University of Texas professor Michael Webber, an environmental policy specialist, said so-called green fuels for vehicles all require much more water to produce than ordinary gasoline.
Conventional oil refineries use comparatively modest amounts of water, largely for cooling.
Webber said the water required for an alternate fuel vehicle to travel a certain distance can be up to 100 times that required for a gas-powered vehicle.
This extra water use stems from the irrigation of crops like corn that are turned into ethanol, or in the production of the electricity for recharging hybrids.
Webber ranked the water requirements for existing hybrid electric and ethanol-fuelled vehicles, as well as hydrogen-powered vehicles of the future, and said they range from 10 to 130 times worse than today's gasoline-powered vehicles.

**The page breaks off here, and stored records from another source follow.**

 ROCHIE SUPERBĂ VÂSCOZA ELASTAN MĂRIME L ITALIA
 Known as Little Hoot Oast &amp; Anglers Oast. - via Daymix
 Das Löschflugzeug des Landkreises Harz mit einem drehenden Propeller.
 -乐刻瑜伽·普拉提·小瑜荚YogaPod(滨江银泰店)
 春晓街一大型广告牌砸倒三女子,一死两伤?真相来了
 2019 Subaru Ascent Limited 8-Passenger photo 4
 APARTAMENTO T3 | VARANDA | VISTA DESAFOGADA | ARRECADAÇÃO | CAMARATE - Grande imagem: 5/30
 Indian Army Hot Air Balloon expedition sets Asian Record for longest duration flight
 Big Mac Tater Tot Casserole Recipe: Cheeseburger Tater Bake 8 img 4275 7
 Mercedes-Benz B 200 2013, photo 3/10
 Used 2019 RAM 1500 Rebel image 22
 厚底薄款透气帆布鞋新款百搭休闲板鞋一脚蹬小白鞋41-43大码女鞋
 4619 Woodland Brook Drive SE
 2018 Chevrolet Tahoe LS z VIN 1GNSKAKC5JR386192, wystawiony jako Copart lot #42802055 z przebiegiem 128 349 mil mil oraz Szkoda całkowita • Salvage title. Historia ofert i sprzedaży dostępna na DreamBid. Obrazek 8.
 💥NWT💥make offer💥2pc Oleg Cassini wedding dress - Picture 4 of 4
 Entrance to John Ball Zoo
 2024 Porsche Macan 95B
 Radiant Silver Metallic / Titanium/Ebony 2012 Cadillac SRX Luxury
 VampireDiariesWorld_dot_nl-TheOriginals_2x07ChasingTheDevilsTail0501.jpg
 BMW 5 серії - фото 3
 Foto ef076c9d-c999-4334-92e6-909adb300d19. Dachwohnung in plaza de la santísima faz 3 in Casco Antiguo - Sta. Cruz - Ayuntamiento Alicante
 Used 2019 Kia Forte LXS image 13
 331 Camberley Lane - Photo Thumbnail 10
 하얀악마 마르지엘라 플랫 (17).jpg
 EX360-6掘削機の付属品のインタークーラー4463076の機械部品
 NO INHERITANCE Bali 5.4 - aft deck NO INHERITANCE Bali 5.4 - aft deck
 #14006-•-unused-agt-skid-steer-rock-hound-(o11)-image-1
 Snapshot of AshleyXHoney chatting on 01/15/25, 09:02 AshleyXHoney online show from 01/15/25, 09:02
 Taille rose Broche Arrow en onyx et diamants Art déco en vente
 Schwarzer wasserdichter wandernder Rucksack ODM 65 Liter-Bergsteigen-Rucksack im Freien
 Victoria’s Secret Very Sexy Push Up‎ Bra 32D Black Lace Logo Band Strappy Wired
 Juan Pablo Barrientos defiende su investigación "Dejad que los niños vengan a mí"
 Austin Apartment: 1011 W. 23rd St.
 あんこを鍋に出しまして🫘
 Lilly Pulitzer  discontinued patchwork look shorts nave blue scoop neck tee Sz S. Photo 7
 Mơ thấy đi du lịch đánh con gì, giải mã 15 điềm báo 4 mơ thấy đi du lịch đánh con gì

"I don't know of anybody who shops for fuels based on their water intensity," he said. "But as river levels continue to drop and aquifers dry up, this link between water and energy is going to become an issue at a higher government level."
Webber also pointed out that the water requirements of alternate fuels would be reduced if the electricity involved came from wind or solar power.
Further water savings could be had if ethanol was produced using non-irrigated materials such as lumber mill waste.
And he had a warning for Canada.
"Right now Canadians don't care about this because you're the most water-rich nation in the world.
"But you might care if the U.S. starts coming after your water because we're in trouble from the energy-water connection," he said.
Another researcher, Peter Gleick, said the energy-water link pervades modern society.
"We use a lot of water to produce energy and we use a lot of energy to move and treat water," said Gleick, who directs an institute in Oakland, Calif., that studies development, environment and security.
Yet government policies seldom treat energy and water in an integrated way, leading to serious problems, he said, citing nuclear power plants losing power capacity after rising river temperatures affected water used as a coolant.